The "Query ergonomics" row in the table above got a substantial upgrade a few days before this post went out: phase 1 of a composable Query<T> builder landed in the SDK. It's worth saying clearly what that does, and what the execution model is, because both are easy to misread.

The Atsign Protocol is end-to-end encrypted between atSigns. When @alice stores a record to share with @bob, the atServer holding that record doesn't have the keys to decrypt it. That's not a bug, it's the whole point. So the atServer can't do what Firestore's or Supabase's server does with record values — it can't index your field values, it can't filter on them, it can't run aggregate queries over them. (The atServer can filter by the plaintext-exposed key structure — that's how sync and notifications work — it just can't reach into a record's encrypted contents.)

Instead, every at_client keeps a local copy (by default) of every record its atSign can see, kept current by a real-time sync channel. The current sync latency is ~1–3 seconds end-to-end; a replacement in development (internally called fsync) drops that into the tens-of-milliseconds range. Your .where() runs over that local store, which is already decrypted, already in memory or on disk, and already indexed by primary key.
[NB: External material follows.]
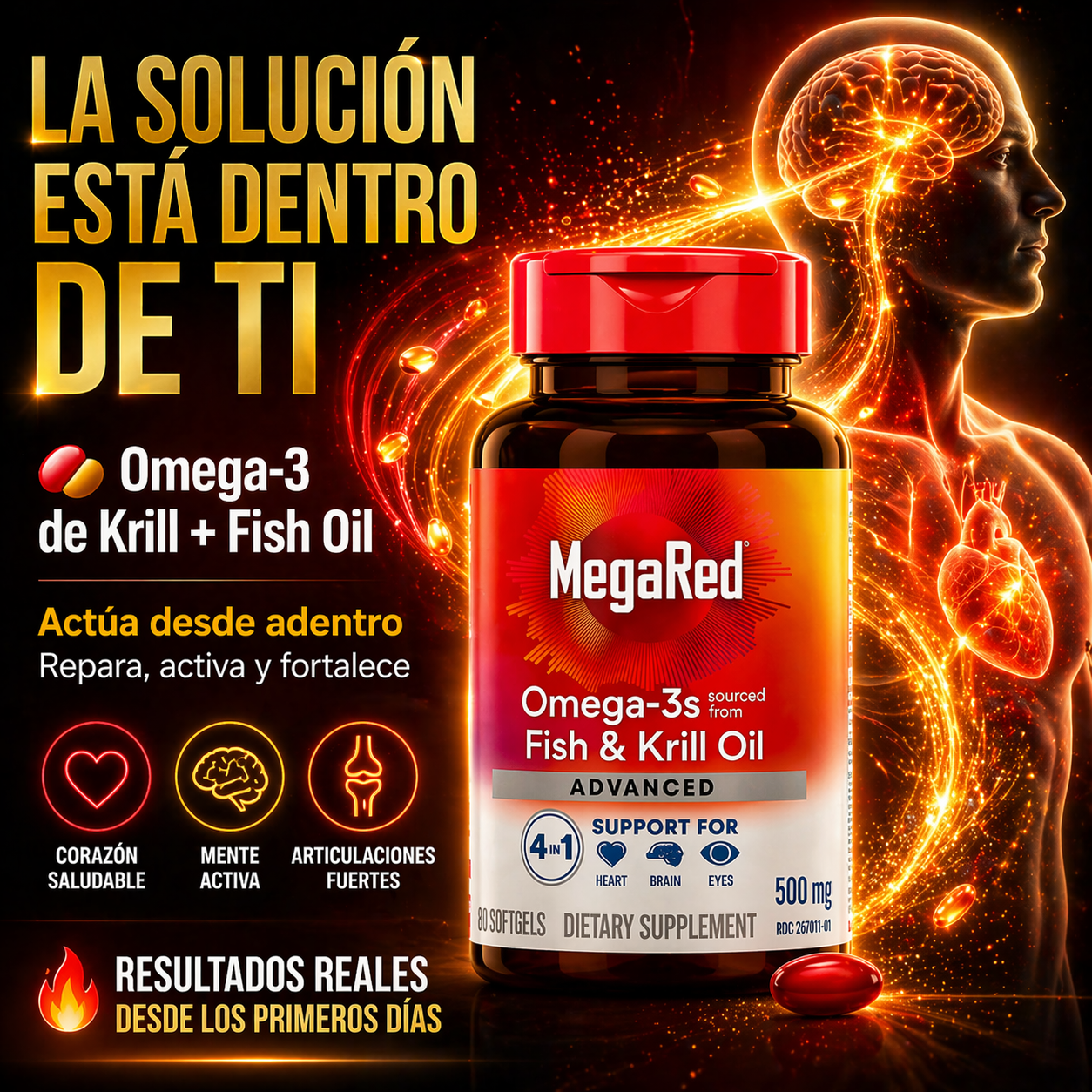 De Cansado a Imparable 🔥 MegaRed Omega-3 que Activa tu Cuerpo desde Adentro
The new Query<T> surface gives you:

final openByDue = todos.query()
    .where((t) => !t.obj.done)
    .orderBy((t) => t.obj.due)
    .limit(20);

final page  = await openByDue.fetch();   // Future<List<CItem<Todo>>>
final live  = openByDue.watch();         // live Stream<List<CItem<Todo>>>

await todos.query().where((t) => t.obj.flagged).any();  // short-circuits
await todos.query().count();                            // full spec
await todos.query().groupBy<Atsign>((t) => t.owner);
await todos.query().orderBy((t) => t.obj.created).first();

// Live parent-plus-children join. Each emission pairs every matching
// parent with the current contents of a named sub-collection.
final withNotes = todos.query().watchWithSub<TodoNote>(
  subName: 'notes',
  subDefaultExpiration: const Duration(days: 365),
  subFromJson: TodoNote.fromJson,
);

// Live per-item read-receipt count from the reserved `__rr` sub-collection.
final readers = todo.receipts.query().watch().map((l) => l.length);

Queries are immutable values: build once, store, pass around, fetch or watch. The spec is kept as a data object rather than an opaque closure, so when the local store migrates from Hive to SQLite (planned) and JSON-field indexes become available, the library can push eligible predicates to those indexes without any changes at your call site. Phase 2 — typed field-accessor values and deeper sub-collection joining — is already queued.

And for the moments when the builder's vocabulary doesn't fit, the raw getItemsAsStream().where(...) stream-transformer path stays as an escape hatch. Two styles, same execution model.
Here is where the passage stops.